Haskins was appointed in 1948 as one of the first research scientists at the Prairie Regional Laboratory (now the Plant Biotechnology Institute) of the National Research Council Canada, Saskatoon, and was a Section Head in the institute starting in 1950. In 1952, he started a fungal culture collection (with the official acronym PRL), mostly of industrially relevant fungi, which eventually included > 1200 strains. These cultures were eventually transferred to the Canadian Collection of Fungal Cultures, with Agriculture and Agri-Food Canada in Ottawa.

==Research in mycology==
Haskins discovered a new genus and new species of yeast-like fungi that he named Trichosporonoides oedocephalis, which was isolated from brood cells of honey bees. The morphology and biochemistry of the fungus were remarkable. Cultures had four different kinds of asexual sporulation and produced large quantities of erythritol. Other mycologists found additional species associated with different kinds of bees, or from low water activity substrates. Several of them also produced polyols and culturing parameters were optimized and the strains mutated to maximize production, resulting in several patents. Recently,Trichosporonoides was synonymized with Moniliella.
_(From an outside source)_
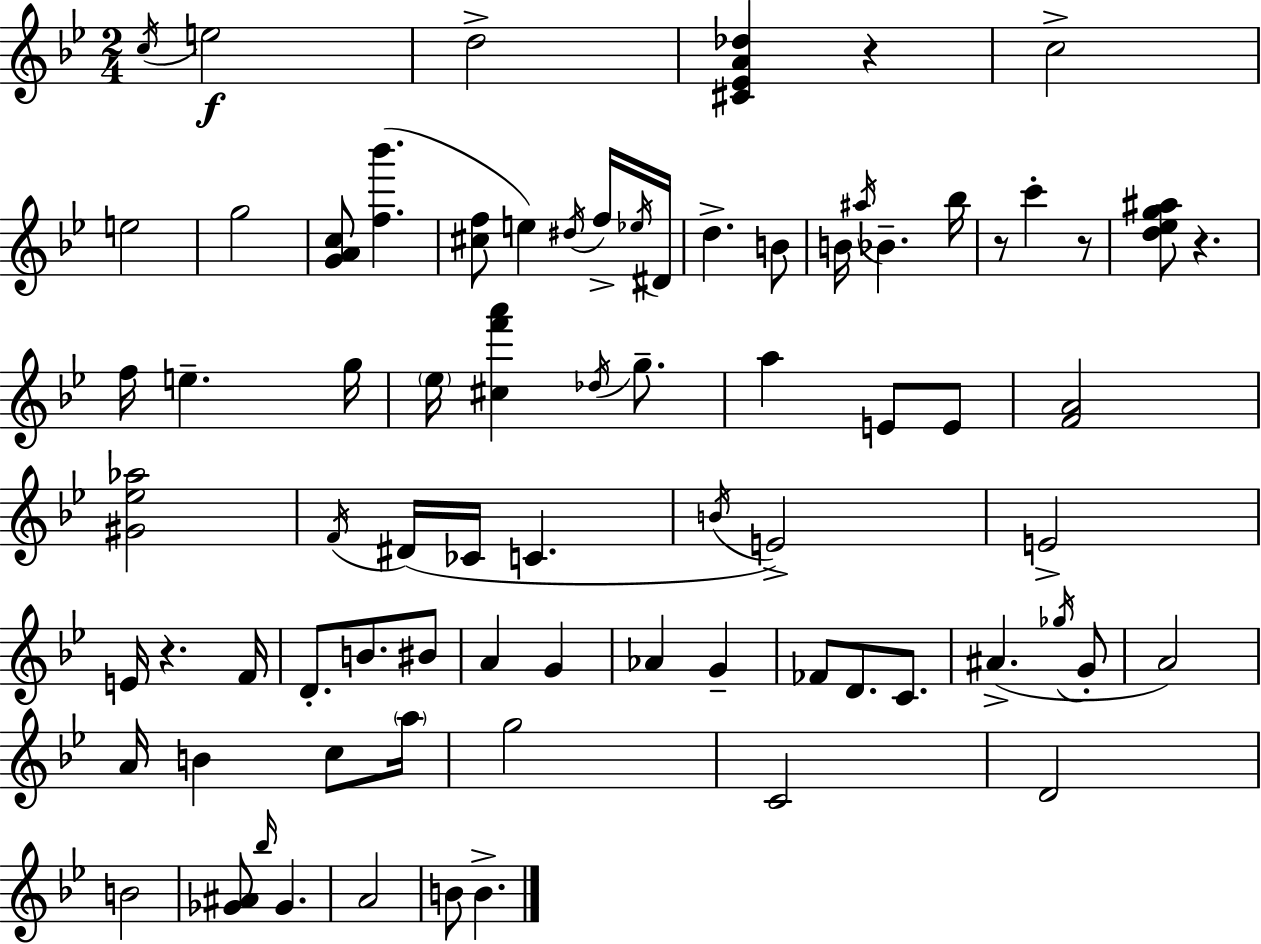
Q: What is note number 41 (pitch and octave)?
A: G4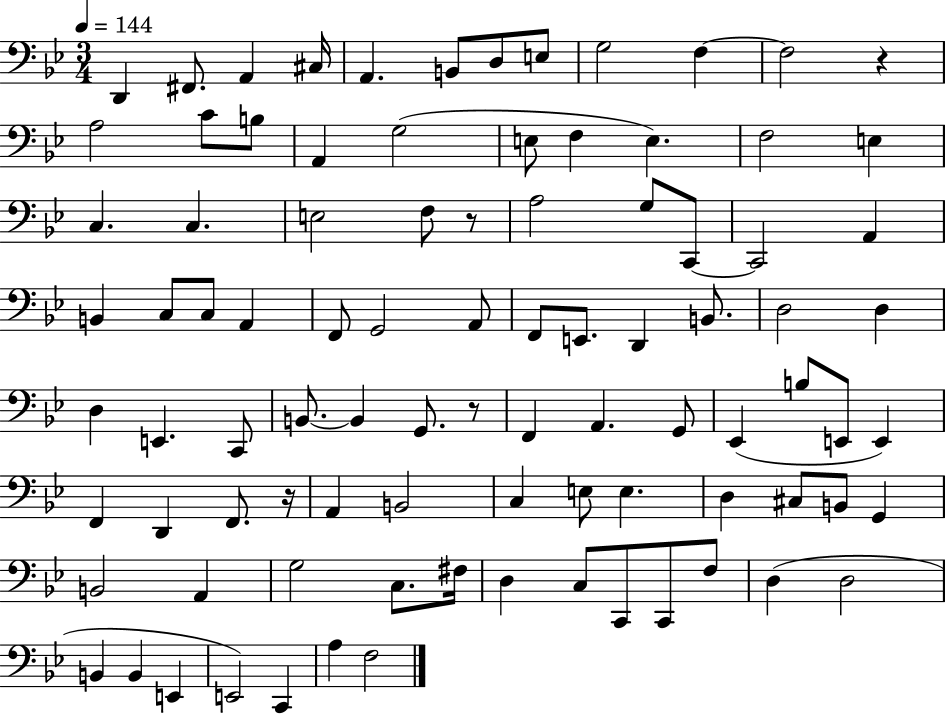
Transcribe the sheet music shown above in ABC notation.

Haskins also studied antibiotic and pigment metabolites produced in a 23-litre liquid fermenter by corn smut (Ustilago maydis) and the ergot fungus (Claviceps purpurea).

Haskins represented Canada on the council of the Mycological Society of America from 1965 to 1967.

==Athletic activities==
Prior to moving to Saskatoon, Haskins was the head coach of the University of Western Ontario fencing team from 1939 to 1946, with a two-year break for military service between 1941 and 1942 as part of the Algonquin Regiment of the Canadian Armed Forces. In Saskatoon, Haskins coached the University of Saskatchewan men's and women's fencing teams for 25 years, and was honored as the university's Coach of the Year in 1970.